How to Optimize Your Horse Schooling Sessions
By Lindsay Grice, Equestrian Canada coach and judge
Do you ever wander away from the mounting block, still adjusting your stirrups, pondering what to work on in today’s schooling session?
Does your coach ever ask (I always do) what you’ve been working on since your last lesson, and you admit mostly logging miles on your horse’s odometer?
Is time with your horse squeezed between life’s many daily responsibilities, and sometimes squeezed out altogether?
If so, you need an effective, efficient and creative game plan for your training sessions.
EFFECTIVE — How Horses Learn Best
The best teachers adapt to the learning style of their students. Of course, we’ll never know what it’s like to be a horse, but with insights from research into how horses think and learn, training them can be simpler and safer. These findings often harmonize with the observations of those who’ve spent years watching and working with horses. Yet, other evidence clashes with some of our long-held horse traditions.

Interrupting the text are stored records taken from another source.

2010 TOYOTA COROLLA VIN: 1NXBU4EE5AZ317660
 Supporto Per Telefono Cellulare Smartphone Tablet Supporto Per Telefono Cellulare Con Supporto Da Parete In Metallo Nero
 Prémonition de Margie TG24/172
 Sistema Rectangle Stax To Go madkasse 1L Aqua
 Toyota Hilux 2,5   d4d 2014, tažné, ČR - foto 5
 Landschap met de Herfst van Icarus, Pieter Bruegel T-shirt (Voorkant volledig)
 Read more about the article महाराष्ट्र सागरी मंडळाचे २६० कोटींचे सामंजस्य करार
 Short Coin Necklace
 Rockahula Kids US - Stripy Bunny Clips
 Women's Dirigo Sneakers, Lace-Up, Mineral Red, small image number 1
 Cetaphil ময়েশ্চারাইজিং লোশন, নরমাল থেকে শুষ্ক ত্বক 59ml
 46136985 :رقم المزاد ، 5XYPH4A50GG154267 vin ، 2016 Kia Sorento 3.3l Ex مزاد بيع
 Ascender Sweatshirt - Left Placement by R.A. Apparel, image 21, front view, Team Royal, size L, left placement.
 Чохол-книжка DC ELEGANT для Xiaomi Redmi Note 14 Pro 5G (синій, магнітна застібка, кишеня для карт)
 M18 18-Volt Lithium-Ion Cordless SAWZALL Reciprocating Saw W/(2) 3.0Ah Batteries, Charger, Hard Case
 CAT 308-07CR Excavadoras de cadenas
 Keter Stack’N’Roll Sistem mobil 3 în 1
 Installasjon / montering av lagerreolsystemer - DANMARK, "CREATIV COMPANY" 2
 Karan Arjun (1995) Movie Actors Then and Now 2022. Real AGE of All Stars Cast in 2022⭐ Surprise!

The key to being effective is knowing how horses learn best or understanding “equine learning theory” (see The Science of Schooling Horses). I see systematic schooling as steps in a staircase: sets of repetitions — stepping up a basic skill to the next level — regular landings on which to take breaks and process things.
Make the right choice obvious. Equine (and human) students thrive on rewards. Horses are motivated to make choices not only by “no” (blocking wrong answers with pressure) but perhaps even more by “yes” (a wide-open door to the right answer).
What speaks “yes” to your horse? Release the pressure – I mean really release it (I call it “melting”). Support that release with a neck scratch or even a food reward (if timed right) and your horse will be more likely to connect the dots.
When confused, the horse’s right try might happen by accident, as if he’s guessing. Matching that accident or guess with a well-timed “yes” can be a window to a training breakthrough. Approaching your training session positively means looking for opportunities to communicate what you do want more than what you don’t want.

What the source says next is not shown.